Indeed, consider any code $C = x_1,\ldots,x_n$ whose reverse $C^R := x_1^R,\ldots,x_n^R$ is uniquely decodable. I claim that $C$ is also uniquely decodable. This is because $$ w = x_{i_1} \ldots x_{i_m} \text{ if and only if } w^R = x_{i_m}^R \ldots x_{i_1}^R. $$ In words, decompositions of $w$ into codewords of $C$ are in one-to-one correspondence with decompositions of $w^R$ into codewords of $C^R$. Since the latter are unique, so are the former.

Since prefix codes are uniquely decodable, it follows that the reverse of a prefix code is also uniquely decodable. This is the case in your example.

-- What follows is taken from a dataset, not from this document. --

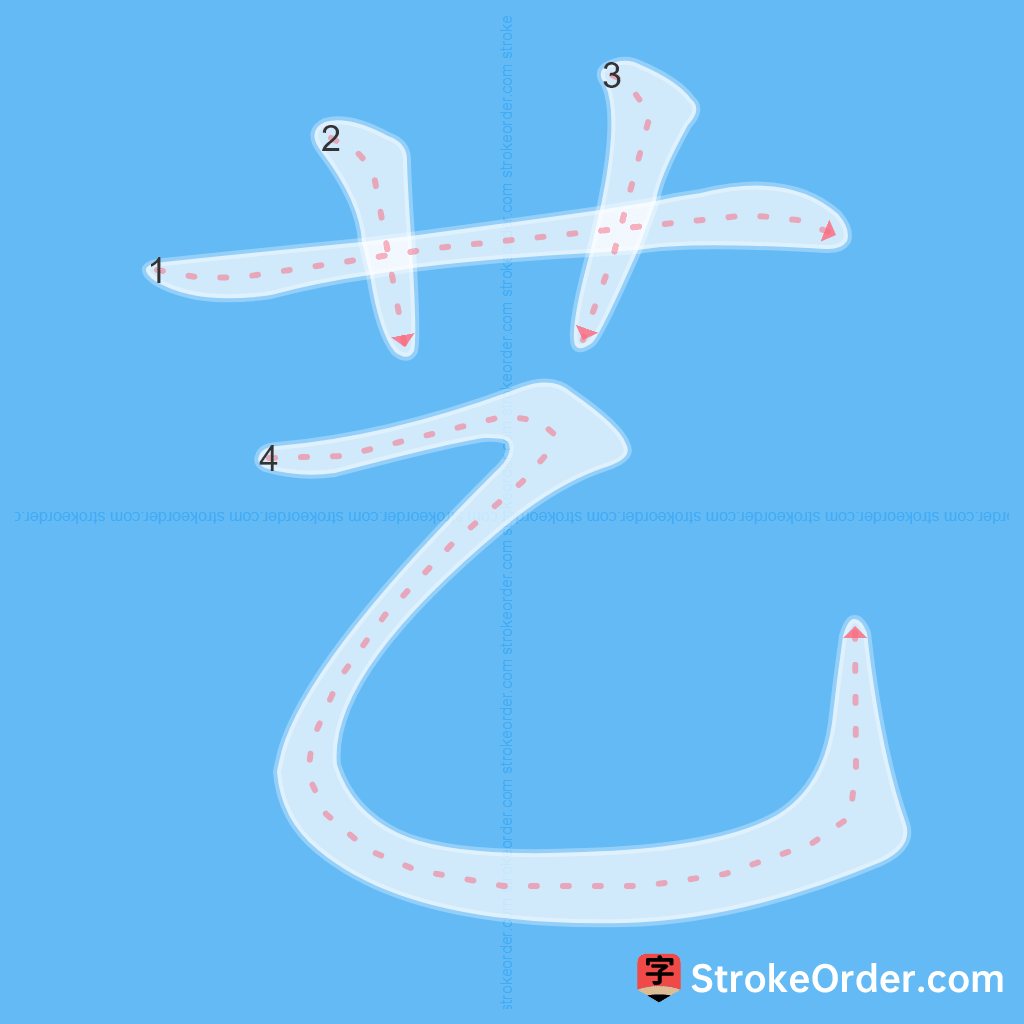 Standard stroke order for the Chinese character 艺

The McMillan inequality states that if $C$ is uniquely decodable then $$ \sum_{i=1}^n 2^{-|x_i|} \leq 1. $$ In other words, a uniquely decodable code satisfies Kraft's inequality. Therefore if all you're interested in is minimizing the expected codeword length, there is no reason to look beyond prefix codes.

Sam Roweis gives in his slides a nice example of a uniquely decodable code which is neither a prefix code nor the reverse of a prefix code: $$ 0,01,110. $$ In order to show that this code is uniquely decodable, it suffices to show how to decode the first codeword of a word. If the word starts with a $1$, then the first codeword is $110$. If it is of the form $01^*$, then it must be either $0$ or $01$. Otherwise, there must be a prefix of the form $01^*0$. We now distinguish several cases:

$$ \begin{array}{c|cccc} \text{prefix} & 00 & 010 & 0110 & 01110 \\\hline \text{codeword} & 0 & 01 & 0 & 01 \end{array} $$ Longer runs of $1$ cannot be decoded at all.

Yuval Filmus
  • 276,994
  • 27
  • 311
  • 503
  • 2
    In seems that in the OP's example, we cannot decode the first codeword after a fixed amount of digits, there are infinitely many cases: 1001010101010101… can be either fcccccc… or caaa…, and we might need to wait until the end of the input to decide. – Bergi Mar 03 '19 at 21:58
  • 1
    This also happens for $1,10,00$. – Yuval Filmus Mar 03 '19 at 22:00
  • 4
    @Bergi It is always decodable for any finite amount of digits. There is always only one way to decode the encoding without any remainders. Any other attempt will end up with spare 1's or 0s. This is because the code is uniquely decodable if we read it tail first. In theory if something is uniquely decodable in one direction it makes no sense that there can be more than one solution in the other direction – slebetman Mar 04 '19 at 00:22
  • @slebetman I was referring to a finite prefix (with possible remainders). Yes, if we take the whole input it always is decodable. – Bergi Mar 04 '19 at 11:40
5

If I give you any message that you are supposed to decode, then you can do the following: Reverse the message, starting with the last bit instead of the first bit. Reverse the code words. Decode the message. Reverse the decoded string.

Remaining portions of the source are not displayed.